O ano é o de 1931 e a sala é agora
outra, embora não muito distante daqui. Estou no Águia de Ouro e é
na tela e não no palco que se desenrola a comédia que tem por
título “Private Lives”, dirigida por Sidney Franklin. Embora a
sala esteja dotada das necessárias condições técnicas – Al
Jolson, em “The Jazz Singer”, estreara o sistema de som desta
sala em 1930, ao cantar, entre outros, “Give My Regards To
Broadway” e “The Sidewalks of New York” -, uma irritante troca
de bobines faz com que o filme comece a passar sem legendas. Numa
sala completamente esgotada, poucos percebem a língua inglesa e a
irritação não tarda em tornar-se audível. Por entre impropérios
vários, uma vintena de espectadores abandona a sala e exige a
devolução dos 2$50 pagos pelo bilhete. Todavia, quem fica – e são
quase todos – não dará por mal empregue a quase hora e meia de
duração do filme.
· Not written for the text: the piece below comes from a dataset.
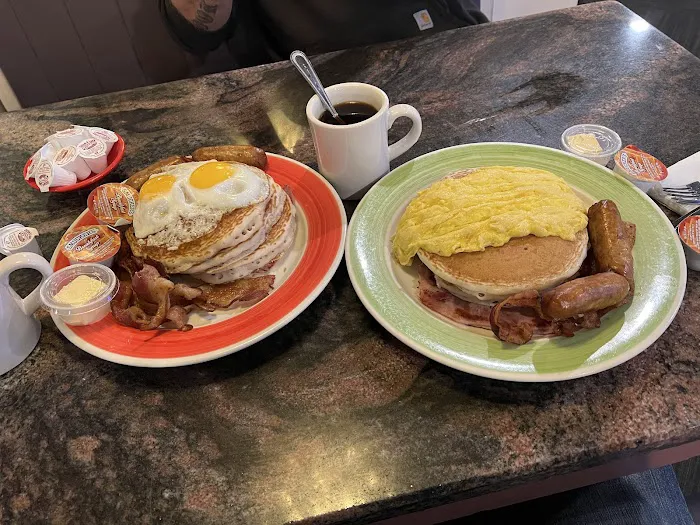 Dove Diner Picture 8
Entre o natural e o caricatural, Norma Shearer,
Robert Montgomery, Reginald Denny e Una Merkel arrancam uma belíssima
interpretação, carregada ainda, na pose como na mímica, dos
estigmas do cinema mudo. E tanto assim é que, no final, junto as
minhas às palmas duma entusiástica plateia, grato pelos momentos
bem passados.
Regressando “à terra” e ao TNSJ,
“Vidas Íntimas” mantém os espectadores suspensos das divertidas
e inusitadas aventuras de quatro amantes à beira de um ataque de
nervos, expondo-os ao ridículo extremo a que uma entrega apaixonada
pode levar. Do amor ao ódio e do ódio ao amor em fracções de
segundos, a peça é toda ela uma cartilha das relações amorosas,
tragédia e comédia ao mesmo tempo. Quanto ao desempenho dos
actores, como já se percebeu, está à altura da peça. Os diálogos são importantes, naturalmente, mas a espontaneidade de Rúben Gomes, oferecendo-nos um
“dandy” divertido e extremamente convincente ou de Rita Durão, num
desempenho marcadamente caricatural, assumindo a personagem com total
entrega, quase os dispensam. Também Tiago Matias e Vânia Rodrigues se mostram excelentes
no seu papel de cônjuges traídos, muito contidos na pose, o ar de quem
está perdido, completamente ultrapassado pelos acontecimentos, mas
ainda assim teimando em mostrar que a situação está perfeitamente dominada.
Terrivelmente actual, apesar da inocência dos tempos ser hoje outra,
“Vidas Íntimas” revela-se um divertimento irresistível e pleno
de charme, oferecendo hora e meia de bom teatro. A não perder!